## Your goal
Pictures are to be left out. Return exactly the lines below from the one with "I finally found" up to and including the one with "To calibrate pH, remove".
===== Data shown =====
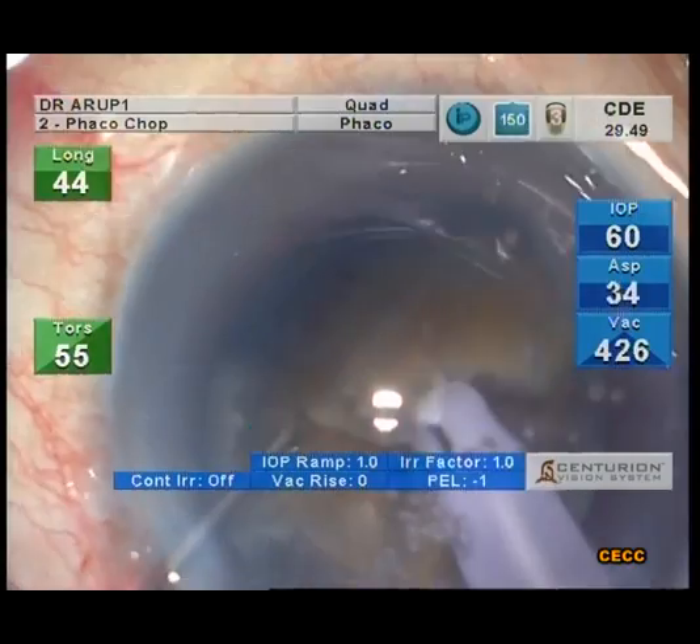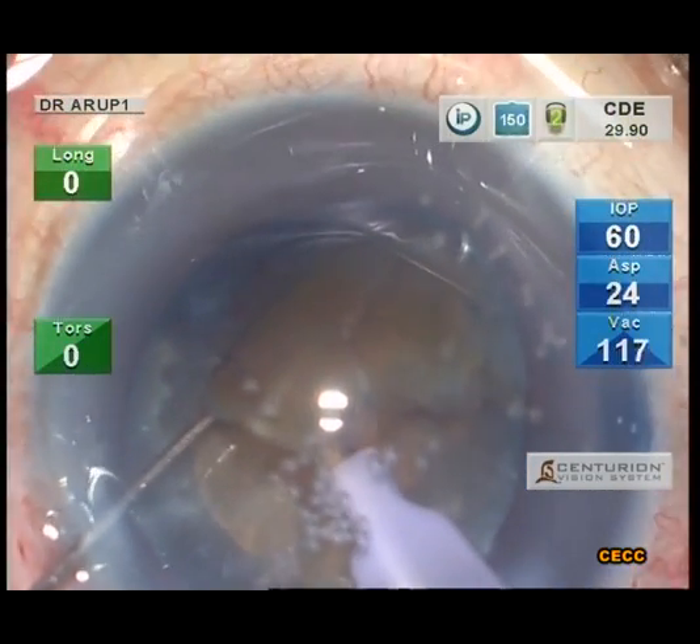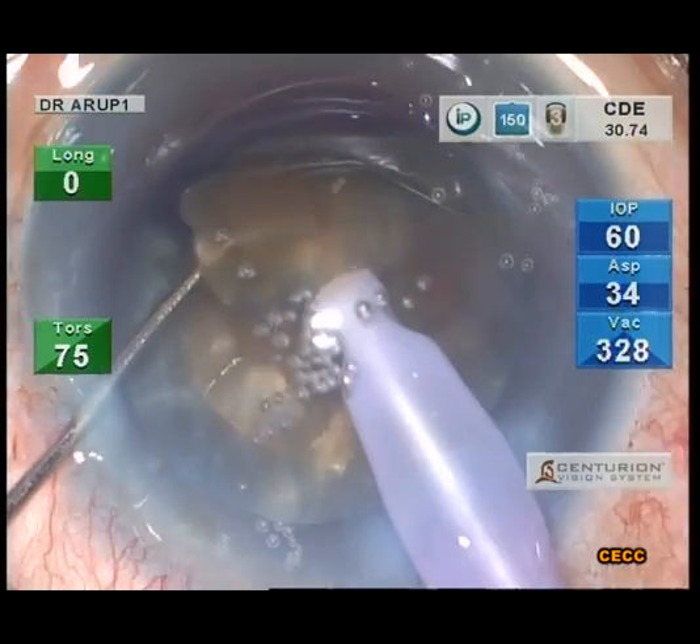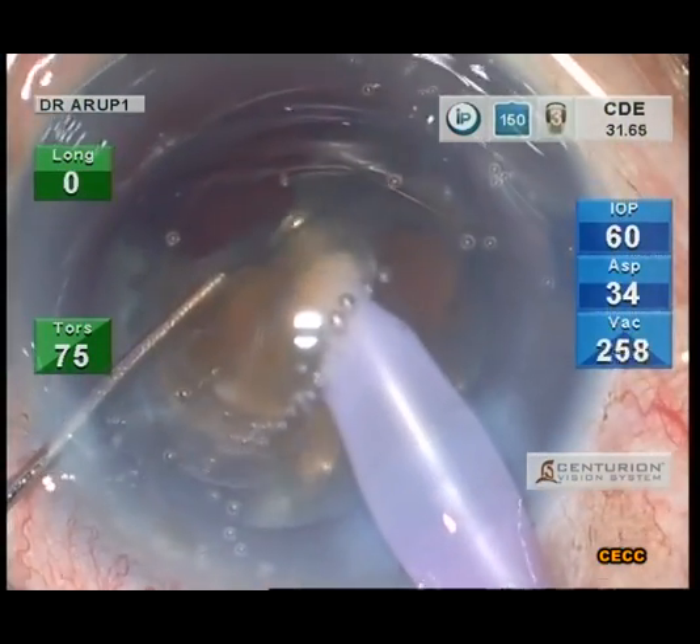The nuclear fragments are then consumed. It is desirable to have the nucleus downsized into multiple pieces. Harder and larger the nucleus, smaller the pieces should be.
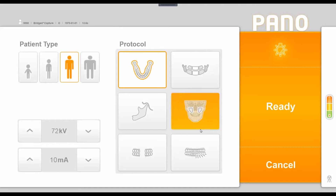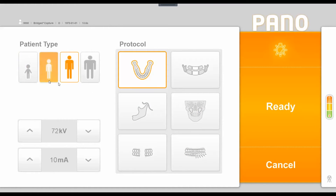Once in the interface, we have options to choose our patient type — from a child setting to small, medium, or large adult. It defaults to medium adult. If the preset sizes are not adequate, you can change them using the manual adjustments of KV and MA in the lower left corner.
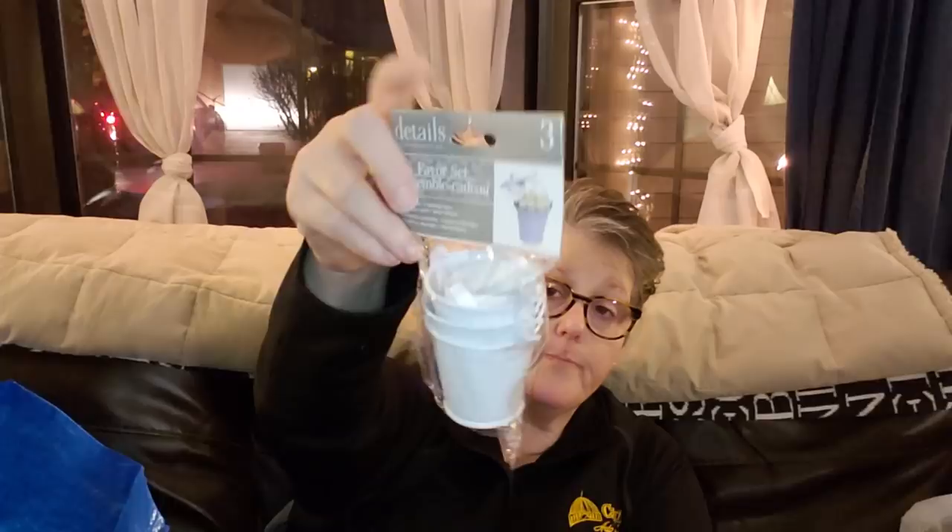I picked up in the wedding section these little tin buckets — there are three of them. I feel like these will be super cute with an egg sitting on top. I could also do something for summer, or put a tea light in them. They're cute little favors, three for a dollar, and they're tin. You could write on them with a Sharpie.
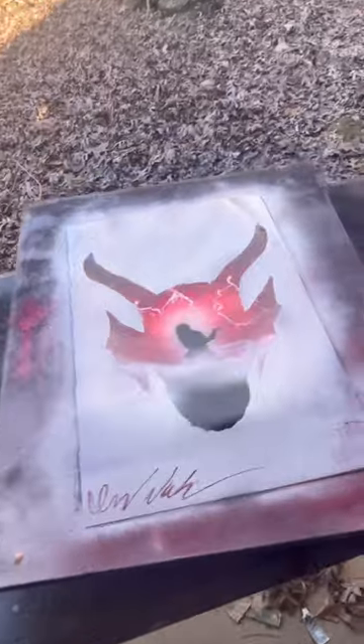As soon as it dries we're gonna put this on, and then we're gonna put some glow-in-the-dark powder on it so we can see the full image of it. All right, it's ready.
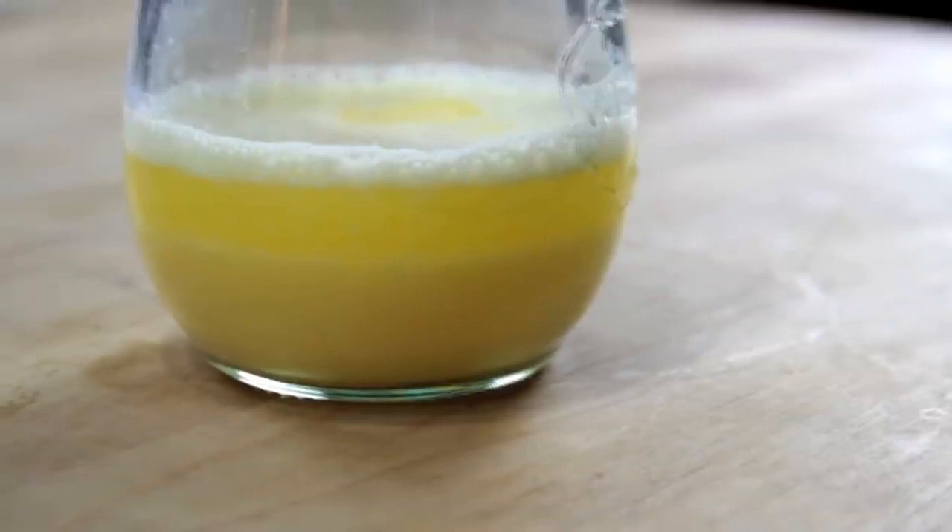Hollandaise, just like mayonnaise, is a fat in water emulsion. Normally when you mix together fat and water, the fat's going to separate and float on top of the water in a greasy layer. But the key to a successful emulsion is to break that fat up into droplets so tiny that they stay evenly dispersed, causing the liquid to thicken and turn opaque.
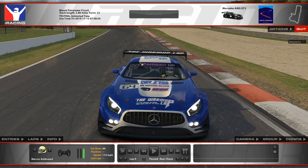Marcus just went out and basically just ran one lap, so he wasn't trying to do the best lap possible for him.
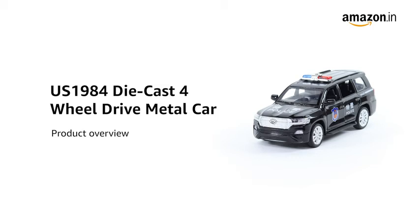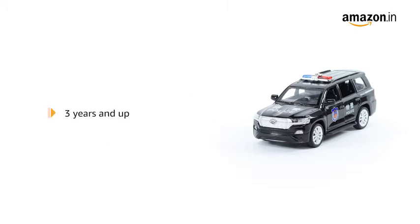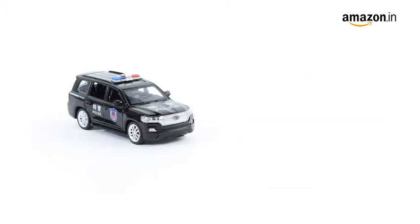Introducing the US1984 diecast four-wheel drive metal car. It is suitable for kids aged 3 years and above. The toy car measures 22 x 6 x 5 cm and weighs 259 grams.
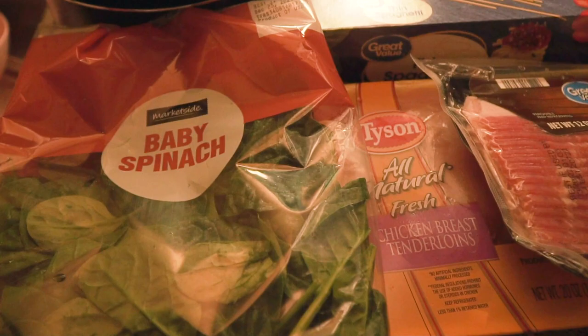So for my first meal, I was looking through the Food Network, and I wanted to cook something with chicken because I love chicken. So I decided on this Tuscan chicken skillet — I think that's what it is. I'm going to go into Walmart right now, get all my ingredients, and then head home and try to cook it. I think I got all the ingredients that I need.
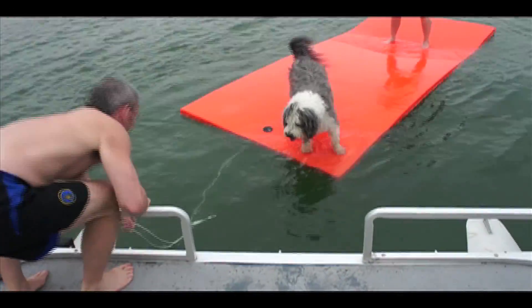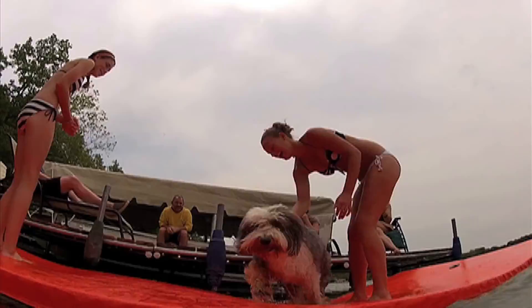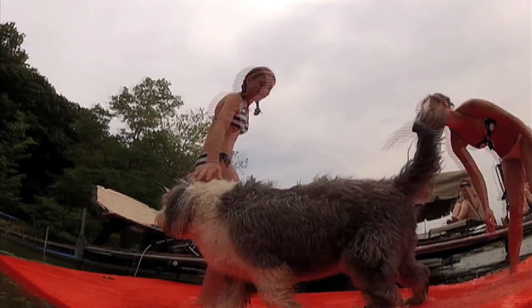It allows dogs to jump on and off of boats with ease, so they can enjoy the water as well. Because it's always more fun when everyone can play.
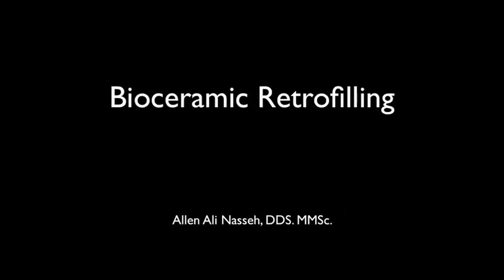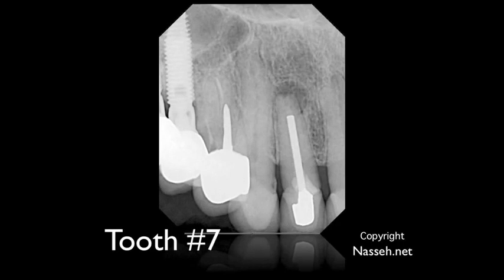Hello and welcome to another microsurgical tutorial. My name is Dr. Alan Nesea and I have a quick tutorial for you on the use of bioceramic retrofilling — the combination of the root repair material and the putty. This is a technique that I've developed, and I think it is a very good way of producing a better seal and improving your seal during your retro preparations.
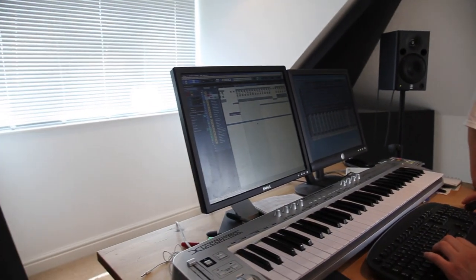So the first thing that we do when we start a track is lay down the drums. It's important to get your drum mix bang on. This is the kick that we've been using a lot recently — it's nice and punchy, got a nice low end on it.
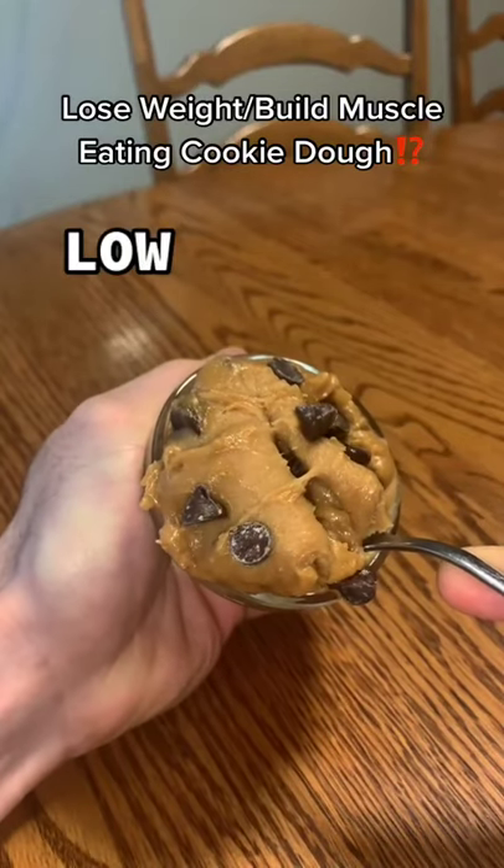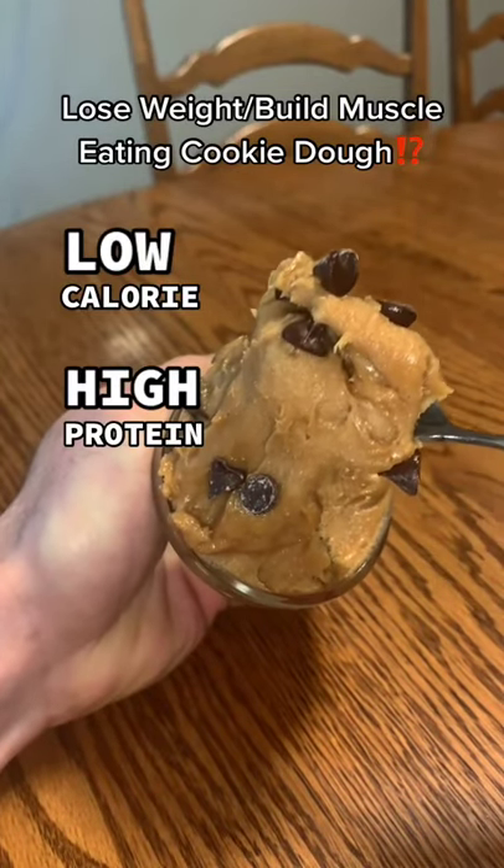I finally found that perfect cookie dough taste and consistency while keeping it super healthy. Unreal, I'm telling you.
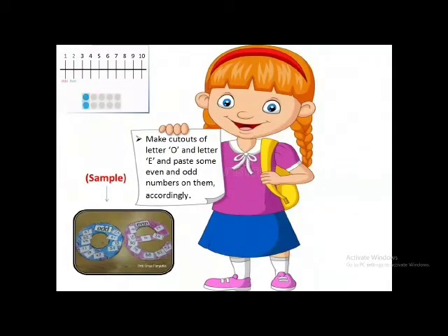Another very interesting activity: make cutouts of the letter O and the letter E, and paste some even and odd numbers on them accordingly. You are already familiar with even and odd numbers.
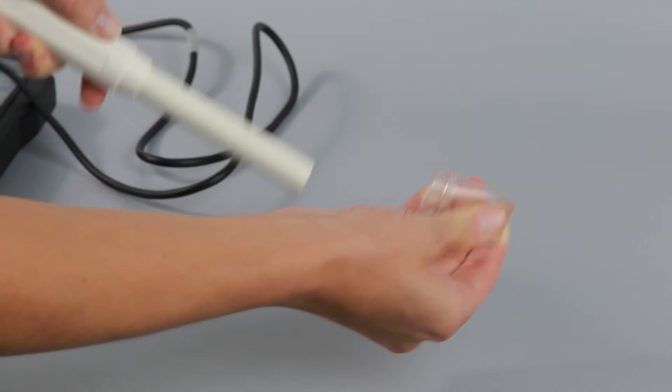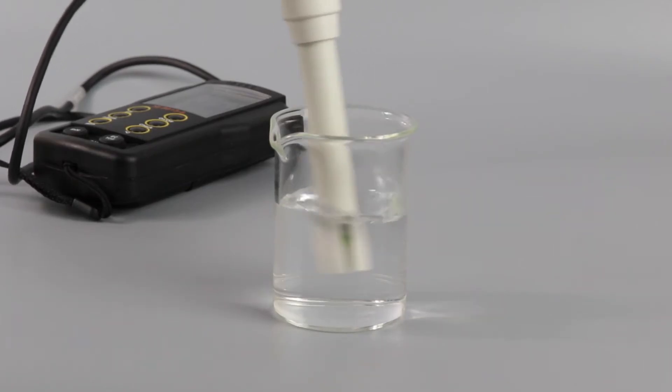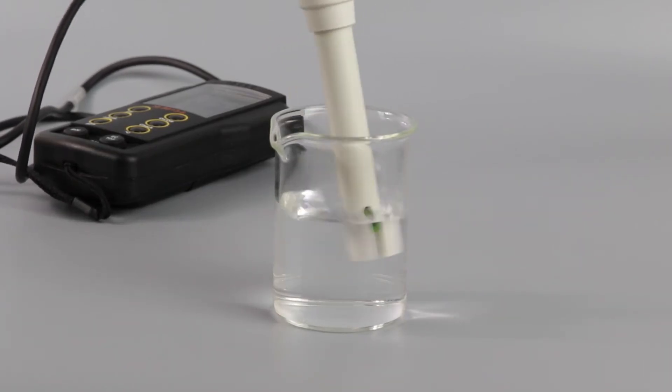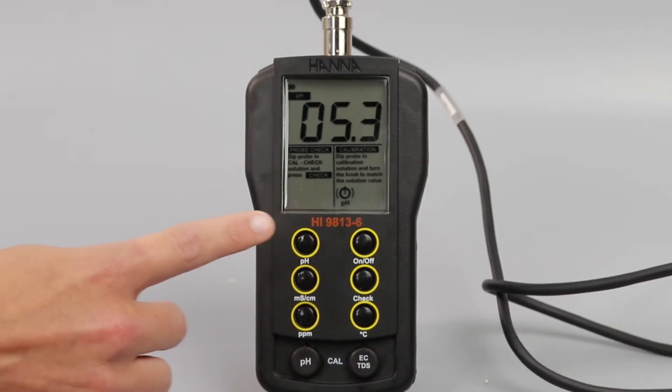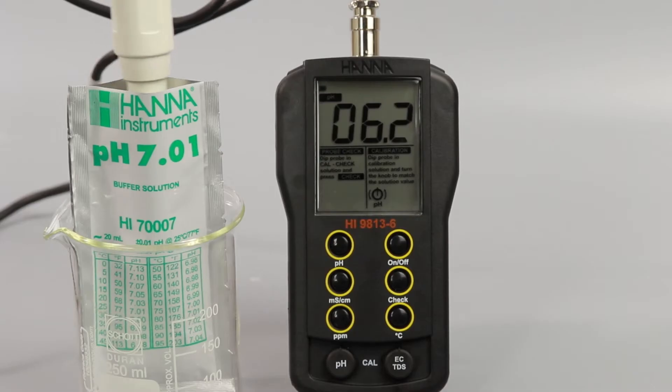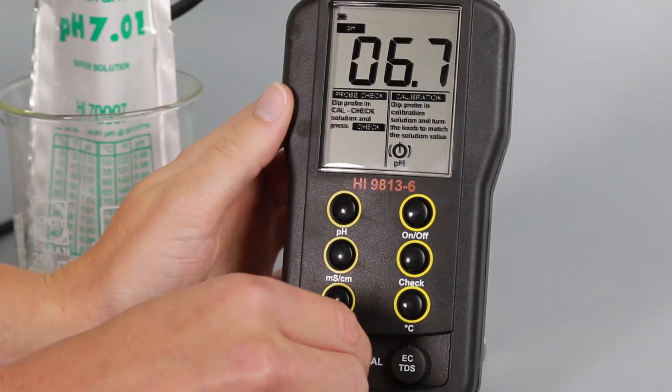To calibrate pH, remove the protective cap on the probe and rinse the tip with deionized water. If the meter isn't in pH mode already, press the pH button to get to the pH mode. Then place the probe into a sachet of buffer — we recommend pH 7.01. Once it stabilizes, adjust the pH calibration knob until it reads the value stated on the buffer package.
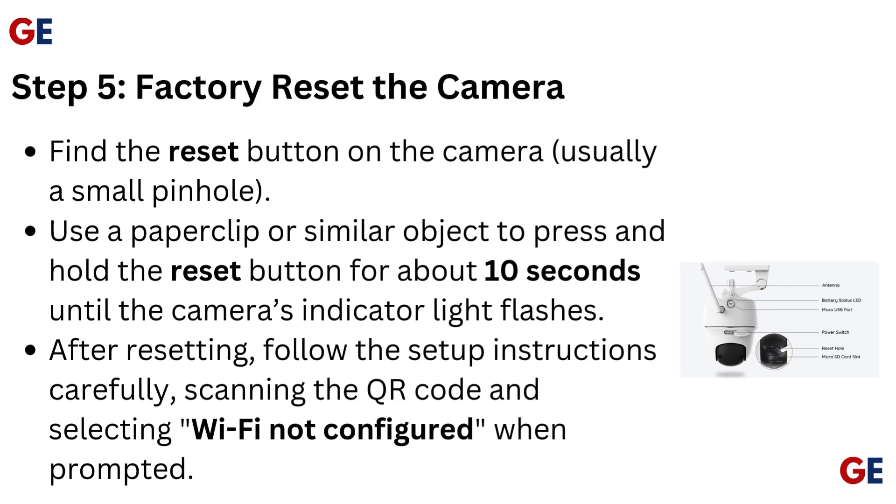Step 5: Factory reset the camera. Find the reset button on the camera, usually a small pinhole. Use a paperclip or similar object to press and hold the reset button for about 10 seconds until the camera's indicator light flashes. After resetting, follow the setup instructions carefully, scanning the QR code and selecting 'Wi-Fi not configured' when prompted.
=====
## Completed task
I finally found that perfect cookie dough taste and consistency while keeping it super healthy. Unreal, I'm telling you.
Another very interesting activity: make cutouts of the letter O and the letter E, and paste some even and odd numbers on them accordingly. You are already familiar with even and odd numbers.
To calibrate pH, remove the protective cap on the probe and rinse the tip with deionized water. If the meter isn't in pH mode already, press the pH button to get to the pH mode. Then place the probe into a sachet of buffer — we recommend pH 7.01. Once it stabilizes, adjust the pH calibration knob until it reads the value stated on the buffer package.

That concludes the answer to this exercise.